The Saudi-led 2002 Arab Peace Initiative established consensus among Arab governments that they would only normalize relations with Israel after it withdrew from the occupied territories, a Palestinian state with East Jerusalem as its capital was established, and a just resolution for Palestinian refugees was reached. “The U.A.E and Bahrain’s normalization agreement [without those conditions being met] shattered that consensus,” says Khaled Elgindy, a senior fellow at the Middle East Institute.
Turkey has been more critical of Israel over its treatment of Palestinians compared to other countries that recently normalized relations with Israel. Over the last decade or two, Turkey has emerged as a “champion of the Palestinian cause at a moment when the Arab voice on the Palestinian issue has been in decline,” Elgindy says. Turkish President Recep Tayyip Erdoğan has gone as far as referring to Israel as an “apartheid” and “terrorist” state.
Despite Erdogan’s fiery criticism of Israel, he made an official visit to the country early in his tenure in 2005. Since Netanyahu’s departure, Erdoğan has also expressed a desire to ship Israeli gas to Europe through Turkey. And in recent months, Israeli President Isaac Herzog visited Turkey in March and Turkey’s Foreign Minister Çavuşoğlu visited Israel in May. Israel’s caretaker Prime Minister Yair Lapid also visited Ankara in June.
“Regardless of the anti-Israel rhetoric, Ankara clearly identifies a deep strategic interest in maintaining ties with Israel, and the restoration of diplomatic ties on the level of ambassadors is hardly surprising in that regard,” Hellyer says. “It won’t mean that Ankara will diminish its policies in support of the Palestinians, but Israeli-Turkish relations have a life of their own separate from that.”

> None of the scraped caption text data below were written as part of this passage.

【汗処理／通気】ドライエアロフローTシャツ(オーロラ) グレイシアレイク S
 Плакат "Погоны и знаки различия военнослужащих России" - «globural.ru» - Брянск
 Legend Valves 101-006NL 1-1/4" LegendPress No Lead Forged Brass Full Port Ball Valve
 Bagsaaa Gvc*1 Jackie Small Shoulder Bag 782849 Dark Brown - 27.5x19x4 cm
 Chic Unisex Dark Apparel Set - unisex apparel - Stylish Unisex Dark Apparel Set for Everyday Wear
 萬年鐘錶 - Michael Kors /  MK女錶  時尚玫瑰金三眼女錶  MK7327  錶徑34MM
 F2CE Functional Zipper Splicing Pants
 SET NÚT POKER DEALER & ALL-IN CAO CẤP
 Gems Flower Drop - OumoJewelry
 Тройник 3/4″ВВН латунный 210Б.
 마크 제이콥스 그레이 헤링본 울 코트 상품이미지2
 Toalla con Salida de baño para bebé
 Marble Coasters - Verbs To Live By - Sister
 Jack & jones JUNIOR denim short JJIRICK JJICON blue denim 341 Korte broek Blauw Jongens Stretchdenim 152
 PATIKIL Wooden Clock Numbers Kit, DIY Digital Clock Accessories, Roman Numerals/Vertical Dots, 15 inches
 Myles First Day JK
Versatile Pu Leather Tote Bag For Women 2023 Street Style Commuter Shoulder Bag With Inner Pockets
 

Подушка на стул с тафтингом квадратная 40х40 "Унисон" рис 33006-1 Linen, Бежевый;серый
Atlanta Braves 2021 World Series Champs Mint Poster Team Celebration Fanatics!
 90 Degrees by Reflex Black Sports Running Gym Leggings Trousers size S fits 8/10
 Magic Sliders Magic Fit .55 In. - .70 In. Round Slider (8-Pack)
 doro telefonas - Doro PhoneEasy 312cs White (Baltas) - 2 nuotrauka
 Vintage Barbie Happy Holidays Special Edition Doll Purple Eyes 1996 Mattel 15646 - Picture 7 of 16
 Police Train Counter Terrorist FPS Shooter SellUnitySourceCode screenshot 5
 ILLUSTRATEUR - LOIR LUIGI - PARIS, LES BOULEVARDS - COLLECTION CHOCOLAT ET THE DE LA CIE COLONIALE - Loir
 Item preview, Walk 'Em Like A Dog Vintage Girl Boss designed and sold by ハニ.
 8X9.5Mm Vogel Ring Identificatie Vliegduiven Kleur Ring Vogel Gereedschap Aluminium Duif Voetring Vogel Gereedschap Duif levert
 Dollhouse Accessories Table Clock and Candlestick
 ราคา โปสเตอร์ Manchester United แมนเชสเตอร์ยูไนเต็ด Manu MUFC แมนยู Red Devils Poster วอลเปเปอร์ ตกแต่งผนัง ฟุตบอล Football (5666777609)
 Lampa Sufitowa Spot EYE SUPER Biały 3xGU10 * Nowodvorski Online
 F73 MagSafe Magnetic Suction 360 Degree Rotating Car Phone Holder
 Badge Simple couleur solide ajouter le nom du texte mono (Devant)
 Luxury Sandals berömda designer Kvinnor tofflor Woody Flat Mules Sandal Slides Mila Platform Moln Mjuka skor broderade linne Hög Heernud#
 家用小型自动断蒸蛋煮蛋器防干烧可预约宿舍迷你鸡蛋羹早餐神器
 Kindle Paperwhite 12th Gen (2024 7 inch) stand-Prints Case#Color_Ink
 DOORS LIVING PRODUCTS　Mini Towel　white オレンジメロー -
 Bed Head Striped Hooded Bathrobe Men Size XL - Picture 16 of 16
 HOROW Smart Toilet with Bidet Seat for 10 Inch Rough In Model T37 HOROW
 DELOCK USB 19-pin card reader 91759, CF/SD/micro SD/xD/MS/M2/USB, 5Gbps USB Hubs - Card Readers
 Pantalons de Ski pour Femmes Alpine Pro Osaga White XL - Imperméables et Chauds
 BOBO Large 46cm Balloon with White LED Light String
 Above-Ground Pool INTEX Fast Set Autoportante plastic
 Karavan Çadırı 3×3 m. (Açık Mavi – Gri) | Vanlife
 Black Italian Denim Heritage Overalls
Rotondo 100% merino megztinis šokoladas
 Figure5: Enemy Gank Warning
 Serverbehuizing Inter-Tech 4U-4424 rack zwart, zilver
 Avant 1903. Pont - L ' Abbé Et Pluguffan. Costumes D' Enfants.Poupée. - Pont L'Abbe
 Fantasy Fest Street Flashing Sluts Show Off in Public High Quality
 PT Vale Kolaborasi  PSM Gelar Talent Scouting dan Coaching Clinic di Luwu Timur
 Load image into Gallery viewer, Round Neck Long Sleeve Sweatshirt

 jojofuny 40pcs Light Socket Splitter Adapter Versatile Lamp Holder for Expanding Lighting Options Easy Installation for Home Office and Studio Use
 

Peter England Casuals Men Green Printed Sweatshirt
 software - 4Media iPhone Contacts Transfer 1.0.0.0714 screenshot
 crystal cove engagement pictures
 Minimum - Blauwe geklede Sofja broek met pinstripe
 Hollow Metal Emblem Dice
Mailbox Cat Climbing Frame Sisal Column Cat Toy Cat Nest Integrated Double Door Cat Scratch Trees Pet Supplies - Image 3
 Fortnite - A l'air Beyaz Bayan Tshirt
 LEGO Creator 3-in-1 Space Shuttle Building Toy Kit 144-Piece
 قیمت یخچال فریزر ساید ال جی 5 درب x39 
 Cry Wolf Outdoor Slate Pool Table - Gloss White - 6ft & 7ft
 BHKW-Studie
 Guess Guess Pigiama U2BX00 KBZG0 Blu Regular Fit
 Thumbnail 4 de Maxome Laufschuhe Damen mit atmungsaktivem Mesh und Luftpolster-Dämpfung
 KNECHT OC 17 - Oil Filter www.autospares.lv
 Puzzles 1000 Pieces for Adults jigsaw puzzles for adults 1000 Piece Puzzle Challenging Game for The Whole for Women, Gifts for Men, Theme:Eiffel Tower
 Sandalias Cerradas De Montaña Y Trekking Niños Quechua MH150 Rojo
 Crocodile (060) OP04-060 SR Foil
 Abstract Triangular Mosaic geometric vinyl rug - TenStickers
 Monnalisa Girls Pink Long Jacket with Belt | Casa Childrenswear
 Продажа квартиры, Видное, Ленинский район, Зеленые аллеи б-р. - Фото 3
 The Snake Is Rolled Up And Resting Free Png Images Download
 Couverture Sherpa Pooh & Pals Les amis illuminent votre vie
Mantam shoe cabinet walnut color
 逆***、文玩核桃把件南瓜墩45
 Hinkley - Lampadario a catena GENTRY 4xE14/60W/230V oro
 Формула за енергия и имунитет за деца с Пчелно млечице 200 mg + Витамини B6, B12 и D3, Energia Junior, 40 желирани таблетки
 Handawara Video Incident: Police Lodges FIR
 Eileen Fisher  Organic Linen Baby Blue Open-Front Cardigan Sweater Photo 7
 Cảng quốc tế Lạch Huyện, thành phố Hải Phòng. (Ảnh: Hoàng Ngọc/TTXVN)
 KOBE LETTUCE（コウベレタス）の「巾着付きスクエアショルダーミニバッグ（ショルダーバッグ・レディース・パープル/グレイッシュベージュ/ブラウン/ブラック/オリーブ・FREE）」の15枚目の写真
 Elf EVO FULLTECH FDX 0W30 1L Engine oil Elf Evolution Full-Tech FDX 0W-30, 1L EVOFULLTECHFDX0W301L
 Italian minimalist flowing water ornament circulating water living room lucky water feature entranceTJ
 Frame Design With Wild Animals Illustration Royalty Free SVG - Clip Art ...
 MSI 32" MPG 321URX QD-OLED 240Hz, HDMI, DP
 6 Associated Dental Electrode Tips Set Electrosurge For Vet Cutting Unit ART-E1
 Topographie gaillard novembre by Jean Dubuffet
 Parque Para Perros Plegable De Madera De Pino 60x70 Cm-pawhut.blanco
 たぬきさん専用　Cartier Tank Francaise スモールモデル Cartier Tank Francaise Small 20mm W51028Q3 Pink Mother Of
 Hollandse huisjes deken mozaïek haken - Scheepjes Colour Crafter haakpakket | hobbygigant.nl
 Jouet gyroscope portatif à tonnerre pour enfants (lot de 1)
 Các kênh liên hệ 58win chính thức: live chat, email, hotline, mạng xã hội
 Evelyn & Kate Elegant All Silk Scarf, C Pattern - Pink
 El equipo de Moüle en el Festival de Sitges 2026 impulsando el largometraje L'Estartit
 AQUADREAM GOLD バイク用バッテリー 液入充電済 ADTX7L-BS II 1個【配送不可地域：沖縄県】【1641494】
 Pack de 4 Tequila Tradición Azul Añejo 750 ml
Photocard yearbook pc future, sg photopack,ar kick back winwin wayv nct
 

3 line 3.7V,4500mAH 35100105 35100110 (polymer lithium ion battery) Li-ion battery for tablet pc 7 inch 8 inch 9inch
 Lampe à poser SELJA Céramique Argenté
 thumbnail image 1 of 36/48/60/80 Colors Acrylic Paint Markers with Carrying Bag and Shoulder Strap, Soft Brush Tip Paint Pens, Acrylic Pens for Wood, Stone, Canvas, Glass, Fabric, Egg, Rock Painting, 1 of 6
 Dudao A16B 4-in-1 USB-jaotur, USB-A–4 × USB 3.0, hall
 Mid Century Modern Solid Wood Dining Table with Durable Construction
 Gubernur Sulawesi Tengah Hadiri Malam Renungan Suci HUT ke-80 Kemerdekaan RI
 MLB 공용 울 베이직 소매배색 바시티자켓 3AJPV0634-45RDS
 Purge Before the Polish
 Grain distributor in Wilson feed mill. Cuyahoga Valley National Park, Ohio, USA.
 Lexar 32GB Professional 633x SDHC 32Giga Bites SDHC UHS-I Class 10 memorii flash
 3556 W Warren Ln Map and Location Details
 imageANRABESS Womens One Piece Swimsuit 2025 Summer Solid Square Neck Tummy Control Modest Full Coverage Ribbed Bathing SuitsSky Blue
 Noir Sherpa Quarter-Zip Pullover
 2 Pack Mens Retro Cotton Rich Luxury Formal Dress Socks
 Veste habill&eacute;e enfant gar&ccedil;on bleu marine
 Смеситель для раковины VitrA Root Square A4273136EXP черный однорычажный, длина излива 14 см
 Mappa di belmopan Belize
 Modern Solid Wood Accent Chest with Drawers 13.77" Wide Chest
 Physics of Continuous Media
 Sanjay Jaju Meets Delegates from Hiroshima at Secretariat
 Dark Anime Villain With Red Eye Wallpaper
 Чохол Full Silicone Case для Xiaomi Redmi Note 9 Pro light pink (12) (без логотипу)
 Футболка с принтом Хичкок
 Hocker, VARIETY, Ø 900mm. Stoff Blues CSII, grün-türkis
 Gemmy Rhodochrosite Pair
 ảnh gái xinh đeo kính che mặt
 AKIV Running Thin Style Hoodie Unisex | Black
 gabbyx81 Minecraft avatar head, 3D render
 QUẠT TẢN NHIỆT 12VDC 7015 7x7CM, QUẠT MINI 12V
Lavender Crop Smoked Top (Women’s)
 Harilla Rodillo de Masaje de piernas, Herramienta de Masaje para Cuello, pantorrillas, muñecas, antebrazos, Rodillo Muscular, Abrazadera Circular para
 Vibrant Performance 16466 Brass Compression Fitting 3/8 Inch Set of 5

Given the two countries’ rocky history in recent years, it’s hardly impossible that future tensions related to the Israeli-Palestinian conflict could hinder normalization. “It’s not a foregone conclusion that this is going to be smooth sailing, and they’re all going to hug and make up and everything’s gonna be hunky dory. There’s always the potential in the Palestinian arena that something will happen that will strain relations again—that wouldn’t surprise me at all,” Elgindy says.